Insurgent Iraq: Al Zarqawi and the New Generation

***** Insurgent Iraq: Al Zarqawi and the New Generation. By Loretta Napoleoni; published by Seven Stories Press, (Web); 288 pages; $15.95.

Not a day goes by when Western media fail to mention a new attack or insurgency in Iraq, Afghanistan, or elsewhere. Especially in Iraq, attacks have been substantial for so long that the current generation of Iraqi insurgents merits serious study by itself. Loretta Napoleoni does this well.

In December 2004, Osama bin Laden recognized Abu Mos’ab al Zarqawi as the head of al Qaeda in Iraq. Napoleoni explores al Zarqawi’s history and motivation, shedding light on the man known primarily for orchestrating and videotaping horrific beheadings.

Born in 1966, al Zarqawi was trouble from the start—a rebellious youth, a gang member, an inmate. His imprisonment is said to have initiated his radicalization to what he is today.

Why is he such a powerful and well-known figure today, perhaps on the verge of eclipsing Osama bin Laden? Napoleoni suggests that Colin Powell’s 2003 speech to the United Nations about the connection between Saddam Hussein and bin Laden sparked his popularity. In fact, Napoleoni says, there was no link, and that bin Laden had a limited following in Iraq. Now, the more Western newspapers demonize al Zarqawi and exaggerate his exploits, the more popular he becomes. Some call him the Arab Zorro.

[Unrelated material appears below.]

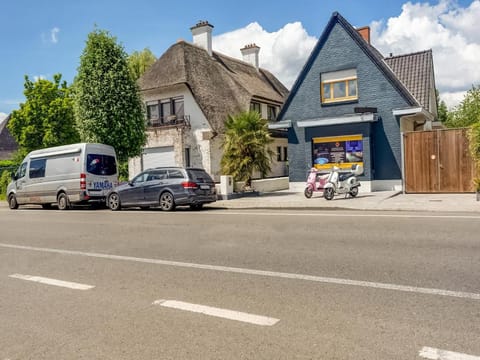 Peaceful Getaway with Spa Vacation rental in Flanders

Although Napoleoni’s personal opinions seep through, Insurgent Iraq is an important piece of scholarship. The information is clear and well organized, and the discussion is excellent. A glossary, chronology, bibliography, and endnotes make this book a fine resource for security professionals with operations in Iraq or who are studying the Iraqi insurgency.

Reviewer: Adrian A. Barnie, CPP, CFE (Certified Fraud Examiner), is with the Anti-Money Laundering Unit of KeyBank in Cleveland, Ohio. He is a member of ASIS International.